Rashmi Kethireddy, supervised by Dr. Suryakanth V G received her doctorate in Computer Science and Engineering (CSE). Here’s a summary of her research work on Dialect classification and its application to dialectal speech recognition:
Major goal of this thesis is to study the dialectal variations and improve the performance of speech recognition with the embeddings derived from the improved dialect classification system. Initial studies focused on improvement of the dialect classification system with three major dialects (Australian, Britain, and American) of English.
In order to improve the performance of the dialect classification system and based on the analysis of dialectal variations, advanced signal processing approaches were proposed with the traditional i-vector approach. Dialectal variations exist at each and across frames. The features that provide high spectral resolution will help to capture subtle differences between dialects at frame-level. So, this thesis proposed to use zero-time windowing (ZTW) and single frequency filtering (SFF) based features that provide high spectral resolution without compromising temporal resolution. Along with frame level spectral resolution, longer temporal context will constitute for dialect classification. So, approaches that enhance the temporal context of proposed features (ZTW and SFF) approaches such as delta and double delta coefficients (∆+∆∆), shifted delta coefficients (SDCs) are experimented. It is observed that the dialect classification system has given promising performance with the proposed features with temporal context provided by ∆+∆∆ and SDCs. Further, signal processing approaches that can provide long temporal summarization (across frames) such as frequency domain linear prediction (FDLP) are proposed for dialect classification. From experiments with FDLP based features, it is observed that long temporal summarization provided by FDLP based features is advantageous for discriminating dialects. So, both the signal processing approaches that provide high spectral resolution (ZTW and SFF) and long temporal summarization (FDLP) have shown to give promising performance in dialect classification when compared to commonly used short time Fourier transform (STFT) based features.
Further, due to promising performance by deep neural networks in classification tasks and its ability to provide longer temporal context, simpler (CNN) to advanced deep neural network (TCN, TDNN, and ECAPA-TDNN) architectures that provide different temporal contexts are investigated. It is observed that advanced neural network architectures improved the performance of dialect classification.
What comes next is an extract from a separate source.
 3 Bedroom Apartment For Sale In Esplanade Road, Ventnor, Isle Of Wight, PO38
Further, on evaluation of best of both stages, it is observed that ECAPA-TDNN performed better with proposed features (SFF) in classification of dialects.
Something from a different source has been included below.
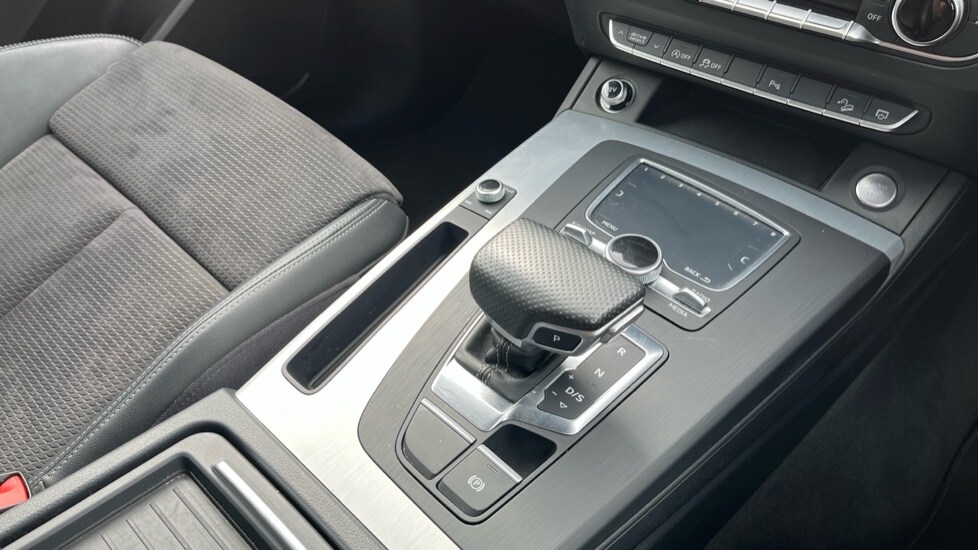 Used Audi Q5 2017 for sale - 76842207: Photo 28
These observations with major dialects of English will be extended to accents/dialects of Indian English to develop automatic identification of native language (or L1) of speakers.
In most dialectal speech recognition studies, Indian English is considered as a single dialect even though it has different native speakers. However, variations in Indian English with respect to native language exist. From the literature in dialectal ASR, it is observed that inclusion of dialect embeddings improves the performance of dialectal ASR systems.
So, this thesis proposed to investigate the embeddings derived from the L1 identification system with the Indian English ASR system to learn the foreign dialectal variations based on L1. These L1 embeddings will be derived from an improved dialect classification system (developed based on observations with major dialects of English) will be included along with the Indian English ASR system to improve the performance.
February 2024